Bisognerà, invece e più seriamente, tenere in conto l’azione di disturbo del «fronte del boicottaggio» («no alle urne») che tiene insieme quel che resta dell’Islam politico, triturato dalla repressione degli anni Novanta, e quel che viene avanti di un movimento laico e modernizzatore per ora più presente su Facebook e Twitter che nelle piazze, come il gruppo Barakat che significa Basta!

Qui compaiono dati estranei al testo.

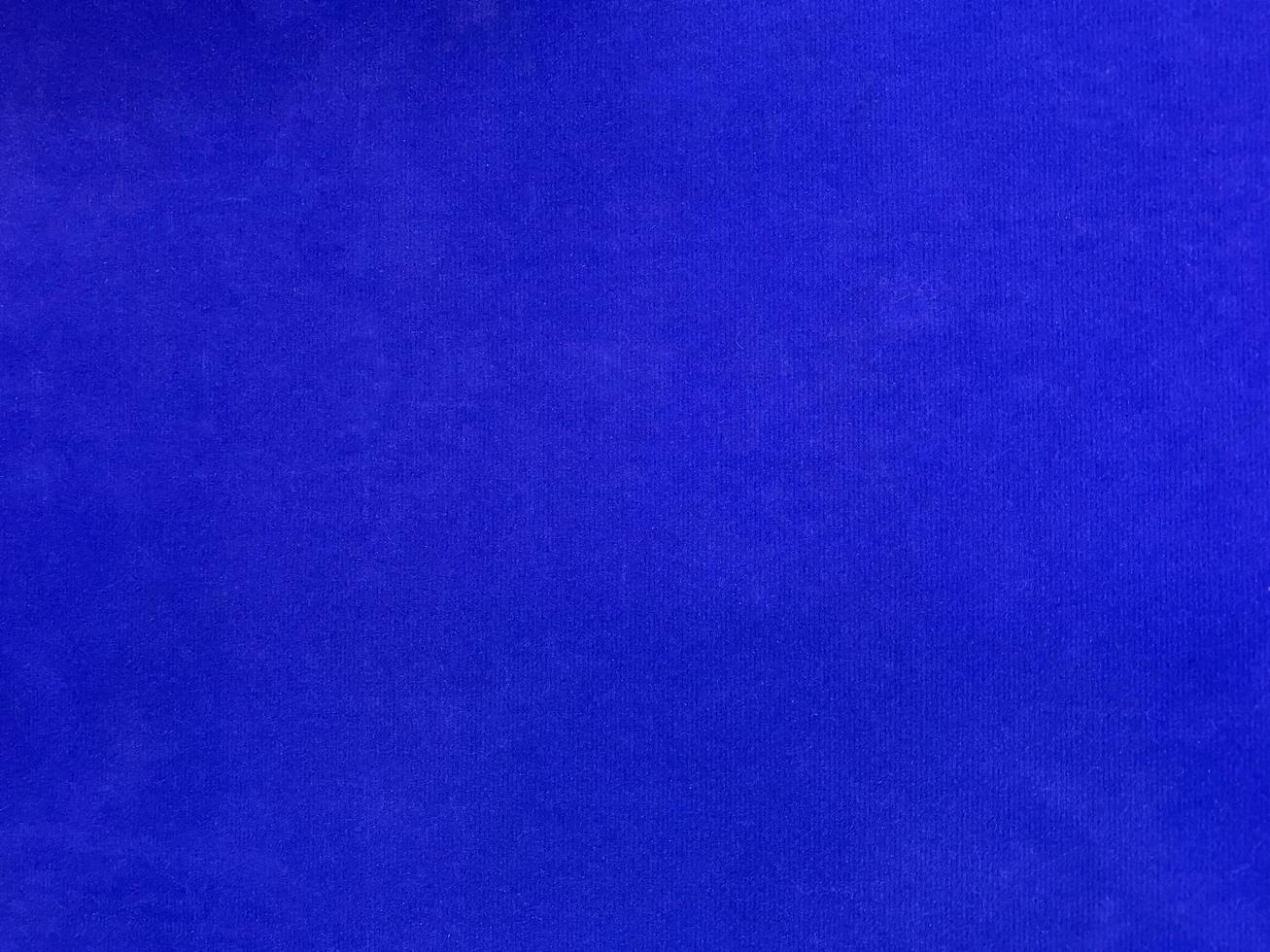 Blue velvet fabric texture used as background. Empty blue fabric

Posizioni coraggiose in un Paese quasi militarizzato, che lesina i visti di ingresso ai giornalisti e agli osservatori internazionali. E largheggia con le facilitazioni agli uomini d’affari. Tuttavia le vere preoccupazioni dei centri di comando sono concentrate altrove: nell’attuazione dell’ambizioso piano di investimenti pubblici, già partito con il consueto e nutrito corollario di corruzione e tangenti (coinvolta anche l’italiana Saipem). Strade, trasporti pubblici, case, ospedali. Se ne vedono le tracce strisciando dentro il traffico assurdo, lungo la strada che conduce all’aeroporto. A sinistra i cinesi stanno costruendo la moschea più grande del mondo arabo (e chi meglio di loro?), superando quella di Casablanca, in Marocco.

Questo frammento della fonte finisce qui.